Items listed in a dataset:
+-------+
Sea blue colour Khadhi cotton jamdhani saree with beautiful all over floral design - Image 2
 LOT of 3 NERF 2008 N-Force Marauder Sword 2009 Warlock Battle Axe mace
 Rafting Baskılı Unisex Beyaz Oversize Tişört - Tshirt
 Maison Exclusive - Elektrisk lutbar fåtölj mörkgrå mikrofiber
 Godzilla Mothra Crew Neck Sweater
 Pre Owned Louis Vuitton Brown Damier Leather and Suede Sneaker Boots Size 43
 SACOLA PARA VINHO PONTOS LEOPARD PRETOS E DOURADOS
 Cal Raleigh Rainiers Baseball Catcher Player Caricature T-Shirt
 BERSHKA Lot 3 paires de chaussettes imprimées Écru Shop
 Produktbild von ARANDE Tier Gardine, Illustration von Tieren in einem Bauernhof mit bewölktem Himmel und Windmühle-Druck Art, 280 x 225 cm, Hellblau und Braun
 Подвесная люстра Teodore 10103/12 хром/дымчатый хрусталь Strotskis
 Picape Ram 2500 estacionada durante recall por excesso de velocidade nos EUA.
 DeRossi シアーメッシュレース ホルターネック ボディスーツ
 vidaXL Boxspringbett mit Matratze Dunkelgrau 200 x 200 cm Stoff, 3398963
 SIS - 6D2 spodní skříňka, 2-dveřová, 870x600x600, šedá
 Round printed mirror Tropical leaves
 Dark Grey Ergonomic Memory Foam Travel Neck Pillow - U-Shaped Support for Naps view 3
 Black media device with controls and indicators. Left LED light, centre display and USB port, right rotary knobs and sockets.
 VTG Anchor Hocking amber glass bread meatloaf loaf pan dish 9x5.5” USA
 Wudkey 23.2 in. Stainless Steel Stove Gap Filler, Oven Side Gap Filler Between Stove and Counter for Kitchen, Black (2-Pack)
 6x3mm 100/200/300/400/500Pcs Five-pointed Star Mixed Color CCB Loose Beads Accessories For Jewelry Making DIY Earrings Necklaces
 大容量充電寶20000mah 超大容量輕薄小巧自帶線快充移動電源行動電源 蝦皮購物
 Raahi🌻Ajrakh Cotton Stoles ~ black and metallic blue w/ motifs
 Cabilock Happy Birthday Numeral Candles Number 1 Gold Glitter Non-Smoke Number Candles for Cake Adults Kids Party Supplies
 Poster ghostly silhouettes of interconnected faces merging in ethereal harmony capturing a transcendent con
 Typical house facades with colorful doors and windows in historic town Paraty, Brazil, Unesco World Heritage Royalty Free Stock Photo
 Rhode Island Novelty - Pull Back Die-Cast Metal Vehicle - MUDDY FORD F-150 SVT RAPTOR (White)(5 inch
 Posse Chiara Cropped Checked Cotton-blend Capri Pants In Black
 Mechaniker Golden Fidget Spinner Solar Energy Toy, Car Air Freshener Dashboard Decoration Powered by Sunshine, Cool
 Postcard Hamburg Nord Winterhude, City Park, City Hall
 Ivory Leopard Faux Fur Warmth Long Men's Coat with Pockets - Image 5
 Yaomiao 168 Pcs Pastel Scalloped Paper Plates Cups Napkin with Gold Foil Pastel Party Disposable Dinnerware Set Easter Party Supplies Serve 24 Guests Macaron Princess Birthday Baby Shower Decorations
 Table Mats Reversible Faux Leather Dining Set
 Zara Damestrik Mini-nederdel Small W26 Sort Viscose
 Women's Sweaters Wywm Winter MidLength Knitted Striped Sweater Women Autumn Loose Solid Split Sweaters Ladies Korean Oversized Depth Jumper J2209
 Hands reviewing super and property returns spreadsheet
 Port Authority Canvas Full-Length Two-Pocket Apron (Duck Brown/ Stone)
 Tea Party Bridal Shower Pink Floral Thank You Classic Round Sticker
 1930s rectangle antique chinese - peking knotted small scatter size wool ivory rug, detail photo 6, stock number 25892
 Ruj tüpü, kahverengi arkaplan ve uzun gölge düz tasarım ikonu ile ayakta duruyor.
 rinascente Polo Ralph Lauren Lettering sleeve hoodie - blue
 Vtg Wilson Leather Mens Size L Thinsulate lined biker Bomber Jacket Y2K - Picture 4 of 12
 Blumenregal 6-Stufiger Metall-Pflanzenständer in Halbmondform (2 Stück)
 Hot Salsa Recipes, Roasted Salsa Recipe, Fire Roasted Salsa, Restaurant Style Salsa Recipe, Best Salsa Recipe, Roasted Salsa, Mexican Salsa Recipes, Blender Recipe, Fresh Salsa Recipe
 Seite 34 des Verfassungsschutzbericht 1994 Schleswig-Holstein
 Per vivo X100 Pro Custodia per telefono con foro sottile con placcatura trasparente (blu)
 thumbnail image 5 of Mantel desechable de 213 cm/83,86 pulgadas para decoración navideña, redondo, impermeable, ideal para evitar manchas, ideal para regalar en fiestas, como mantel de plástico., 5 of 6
+-------+
# TO DO
Here the output must be the lines above from the line with "BERSHKA Lot 3" to the line with "Produktbild von ARANDE", both included, duplicated word for word and nothing else.

# PROBLEM SOLUTION
 BERSHKA Lot 3 paires de chaussettes imprimées Écru Shop
 Produktbild von ARANDE Tier Gardine, Illustration von Tieren in einem Bauernhof mit bewölktem Himmel und Windmühle-Druck Art, 280 x 225 cm, Hellblau und Braun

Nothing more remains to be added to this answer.